True empires, Münkler insists, if they want to be Weltreiche and not mere Großreiche, require not only an imposing expansion in space but also a substantial duration over time. Crucially, they need to be capable of trans-generational regeneration after an initial phase of charismatic take-off has exhausted itself. On this count—conveniently, of course, for current purposes—the Napoleonic, Bismarckian and Nazi (even, more perversely, Japanese) ventures drop out of the picture. Indeed, real empires need to have passed through at least one cycle of rise and decline, plus a renewed period of ascent. Spatially, empires tend to be co-extensive with their ‘worlds’ in the sense that imperial co-existence and co-recognition is a contradiction in terms, leading inescapably to inter-imperial conflict. Exception is made for those cases where ‘parallel empires’ co-exist, but failed to interact due to their mutual geographical isolation, as in the case of Imperial Rome and Han China. The historical trend line, in any case, leads to a spatial congruence between a single empire and the globe (henceforward including outer space), even though the move towards informal empire imparts a transglobal, rather than a global, character to the American project.

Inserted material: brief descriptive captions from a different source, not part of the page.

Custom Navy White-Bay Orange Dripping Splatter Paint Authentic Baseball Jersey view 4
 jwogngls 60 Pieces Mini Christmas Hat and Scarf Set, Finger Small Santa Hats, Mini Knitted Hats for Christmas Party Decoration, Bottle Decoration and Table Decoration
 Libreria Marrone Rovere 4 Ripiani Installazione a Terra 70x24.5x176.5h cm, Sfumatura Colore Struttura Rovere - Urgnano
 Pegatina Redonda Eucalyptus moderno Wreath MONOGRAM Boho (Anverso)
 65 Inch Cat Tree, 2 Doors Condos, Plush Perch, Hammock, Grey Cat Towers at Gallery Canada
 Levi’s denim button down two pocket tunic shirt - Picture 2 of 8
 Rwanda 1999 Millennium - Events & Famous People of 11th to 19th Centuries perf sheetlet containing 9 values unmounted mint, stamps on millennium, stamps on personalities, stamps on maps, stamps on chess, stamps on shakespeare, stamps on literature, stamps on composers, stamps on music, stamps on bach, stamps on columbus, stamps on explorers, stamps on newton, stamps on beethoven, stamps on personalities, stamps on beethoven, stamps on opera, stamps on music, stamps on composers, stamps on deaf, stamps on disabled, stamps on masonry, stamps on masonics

While Münkler notionally allows for hegemony as a possible third category, defined as predominance over a group of formally equal actors in which the hegemon assumes the position of primus inter pares, in practice his essential classification of political communities is exhausted by a fundamental state-empire dualism.

What are the distinct imperatives of imperial rule? Within their sphere of domination, empires are compelled to political or military intervention to maintain their credibility, prestige and, ultimately, power and influence. Here neutrality is not an option: Thucydides’s Melian Dialogue sets out the reasons why satellites must be kept engaged in and subordinated to the common imperial project. Melos could not stay out of Athens’s conflict with Sparta; in more recent idiom, ‘who is not for us is against us’. For their part, inter-imperial relations are governed by permanent geopolitical competition over relative standing, a drive towards hierarchization grounded in the demands of power politics and manifested in a series of asymmetric—typically proxy—wars, conducted against minor peripheral powers. These signal prestige and strike-capacity to imperial rivals. Ultimately, inter-imperial hegemonic wars decide the fate of the world order.

If the theoretical construction so far offers a quasi-realist account of geopolitical force fields, in a central chapter Münkler returns to the domestic politics that govern the trajectory of empires. Here, after evoking Polybius’s and Machiavelli’s political cycles, Münkler appeals to Michael Mann’s four sources of power (ideological, economic, military and political) and Michael Doyle’s notion of an ‘Augustan threshold’, to reject either economistic or uni-cyclical models of imperial ascent and descent, for multi-factor and pluri-cyclical explanations of the variable rhythms of rise and decline. Of the latter two theoretical crutches, more is made of the second than the first. In Doyle’s version, the Augustan moment signifies a series of fundamental constitutional and moral reforms—in Rome, Octavian’s sealing of the transition from de-centralized republicanism to re-centralized authoritarian rule—in which empires terminate their phases of military expansion and enter long periods of socio-political consolidation and imperial order.